(MATERIAL PROVIDED begins)

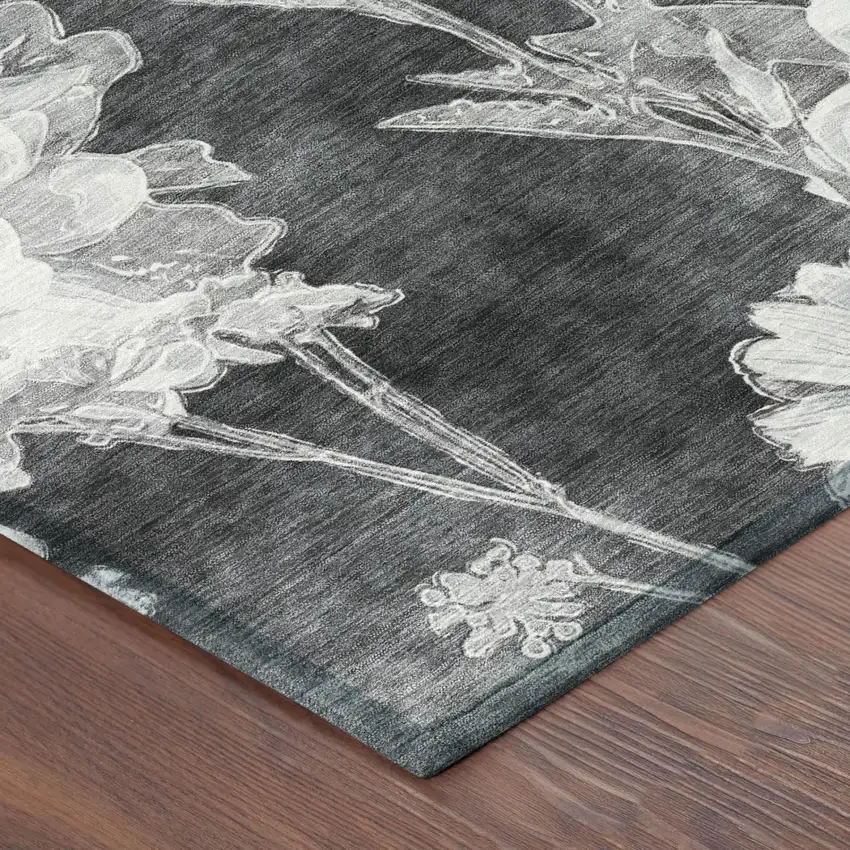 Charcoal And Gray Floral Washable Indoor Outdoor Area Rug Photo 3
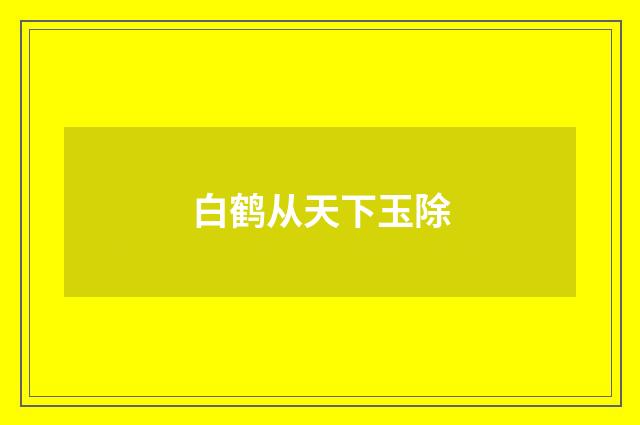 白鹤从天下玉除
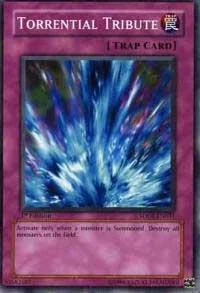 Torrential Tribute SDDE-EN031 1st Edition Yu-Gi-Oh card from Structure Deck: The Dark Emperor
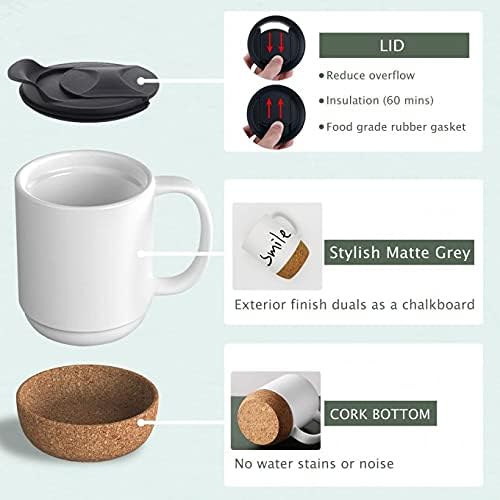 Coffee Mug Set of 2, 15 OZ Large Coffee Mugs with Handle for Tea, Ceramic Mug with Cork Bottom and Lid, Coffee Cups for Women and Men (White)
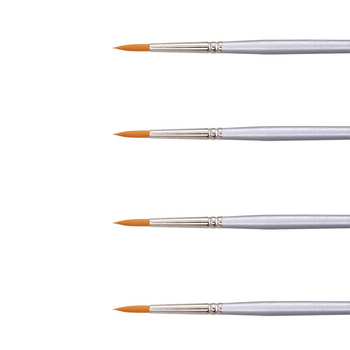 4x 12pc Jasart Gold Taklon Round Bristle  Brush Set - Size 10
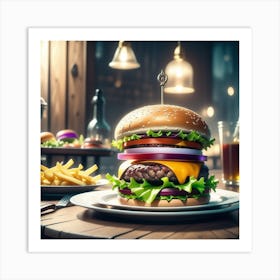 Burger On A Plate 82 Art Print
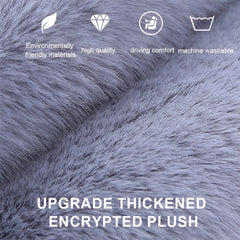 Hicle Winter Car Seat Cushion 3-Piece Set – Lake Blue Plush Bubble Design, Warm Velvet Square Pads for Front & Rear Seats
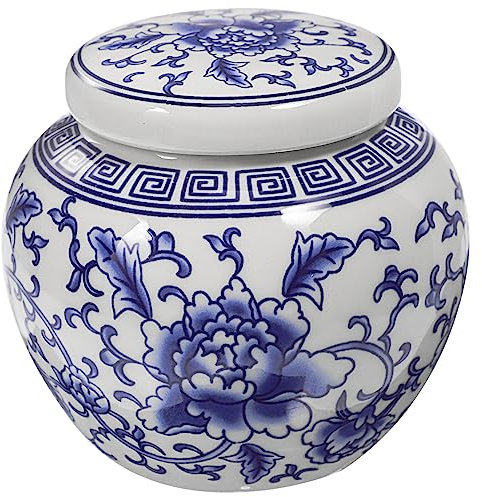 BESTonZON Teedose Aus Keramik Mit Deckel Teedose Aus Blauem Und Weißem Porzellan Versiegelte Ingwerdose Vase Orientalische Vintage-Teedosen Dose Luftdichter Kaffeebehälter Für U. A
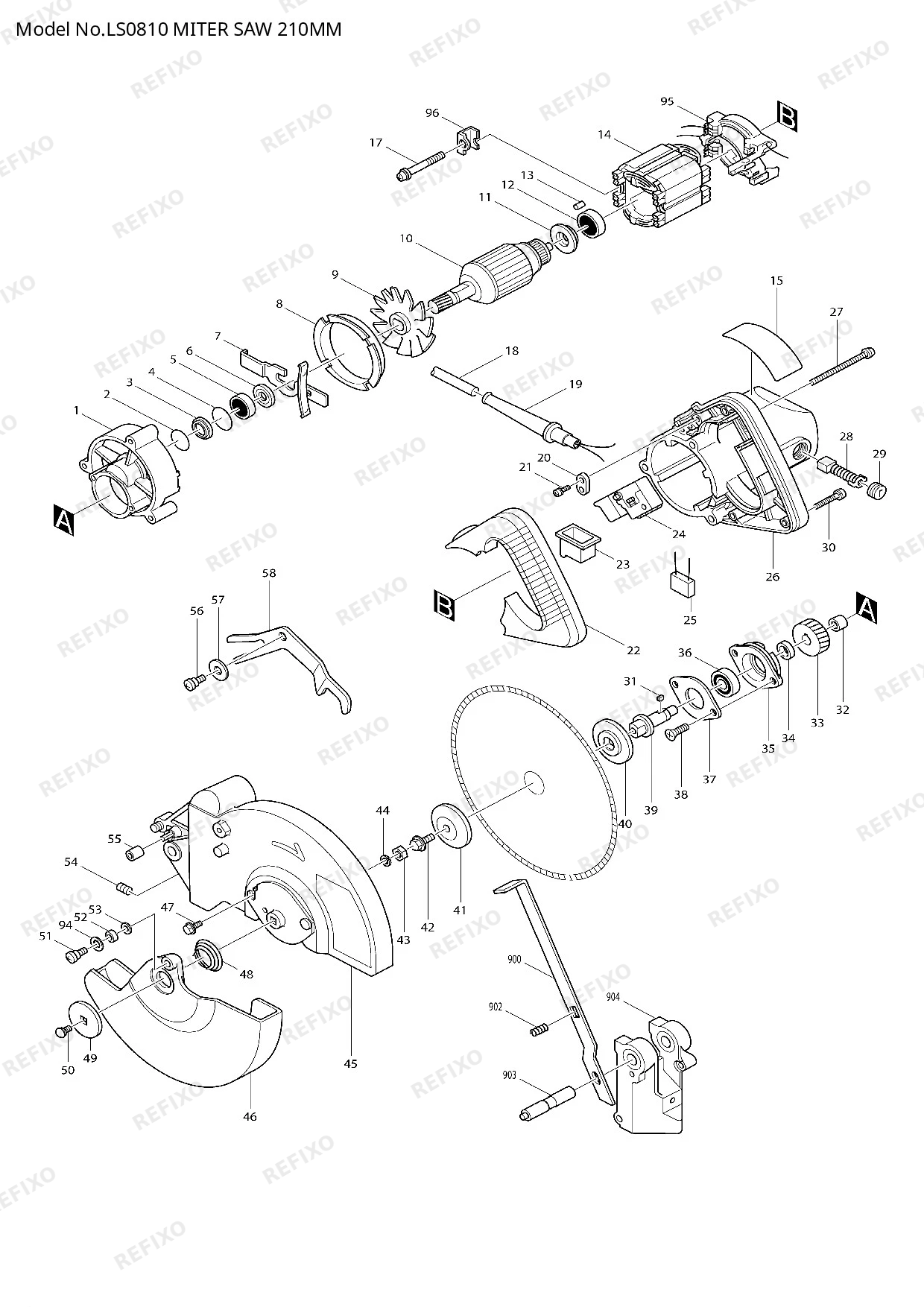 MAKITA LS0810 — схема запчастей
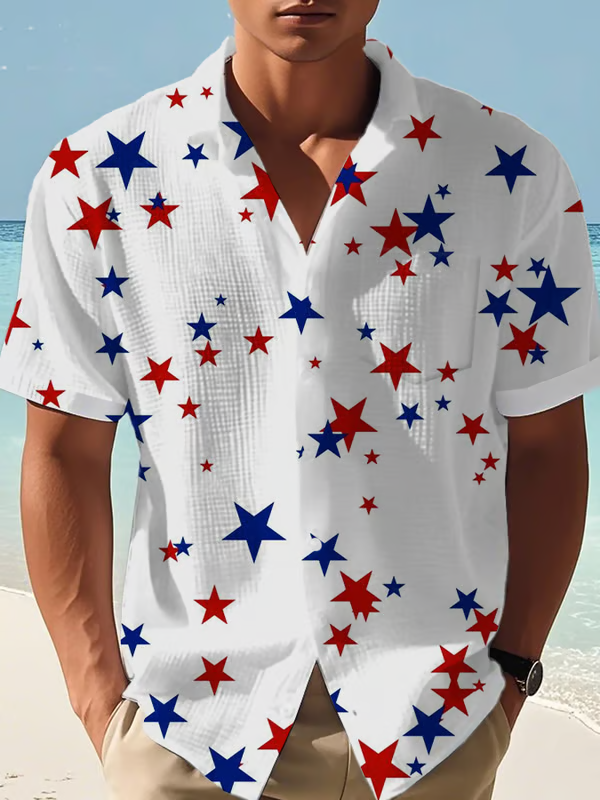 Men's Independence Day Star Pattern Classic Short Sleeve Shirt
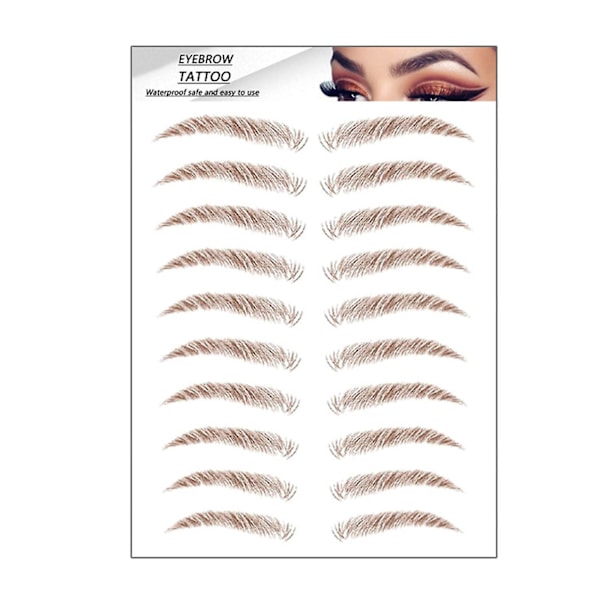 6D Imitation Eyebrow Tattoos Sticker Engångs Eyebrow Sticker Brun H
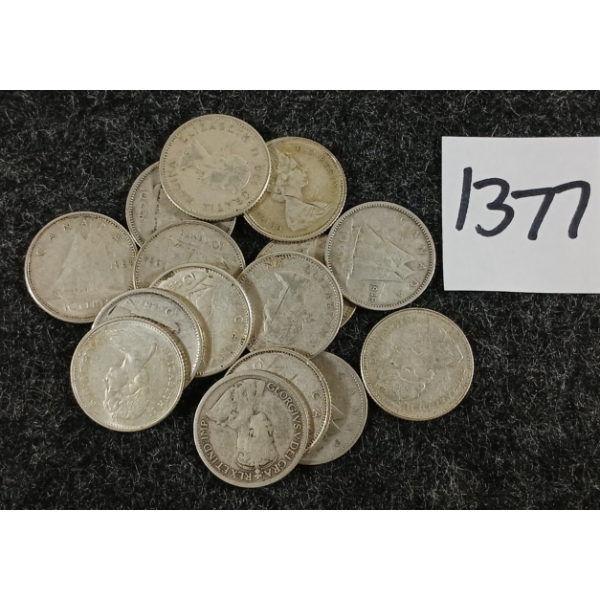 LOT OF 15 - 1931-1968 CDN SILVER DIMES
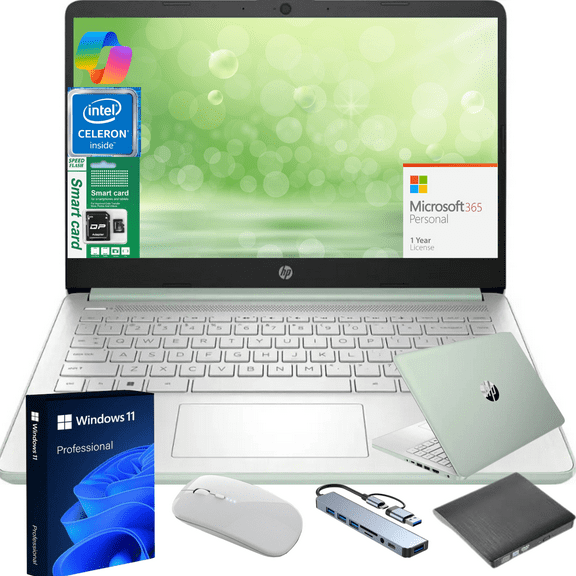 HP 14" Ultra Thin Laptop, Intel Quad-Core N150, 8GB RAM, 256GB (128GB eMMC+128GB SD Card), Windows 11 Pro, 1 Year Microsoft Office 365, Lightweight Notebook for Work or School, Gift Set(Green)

(MATERIAL PROVIDED ends)

[EXERCISE] Write the records out again exactly; none of the pictures belong in the copy.

[ANSWER TO THIS TASK]
 Charcoal And Gray Floral Washable Indoor Outdoor Area Rug Photo 3
 白鹤从天下玉除
 Torrential Tribute SDDE-EN031 1st Edition Yu-Gi-Oh card from Structure Deck: The Dark Emperor
 Coffee Mug Set of 2, 15 OZ Large Coffee Mugs with Handle for Tea, Ceramic Mug with Cork Bottom and Lid, Coffee Cups for Women and Men (White)
 4x 12pc Jasart Gold Taklon Round Bristle  Brush Set - Size 10
 Burger On A Plate 82 Art Print
 Hicle Winter Car Seat Cushion 3-Piece Set – Lake Blue Plush Bubble Design, Warm Velvet Square Pads for Front & Rear Seats
 BESTonZON Teedose Aus Keramik Mit Deckel Teedose Aus Blauem Und Weißem Porzellan Versiegelte Ingwerdose Vase Orientalische Vintage-Teedosen Dose Luftdichter Kaffeebehälter Für U. A
 MAKITA LS0810 — схема запчастей
 Men's Independence Day Star Pattern Classic Short Sleeve Shirt
 6D Imitation Eyebrow Tattoos Sticker Engångs Eyebrow Sticker Brun H
 LOT OF 15 - 1931-1968 CDN SILVER DIMES
 HP 14" Ultra Thin Laptop, Intel Quad-Core N150, 8GB RAM, 256GB (128GB eMMC+128GB SD Card), Windows 11 Pro, 1 Year Microsoft Office 365, Lightweight Notebook for Work or School, Gift Set(Green)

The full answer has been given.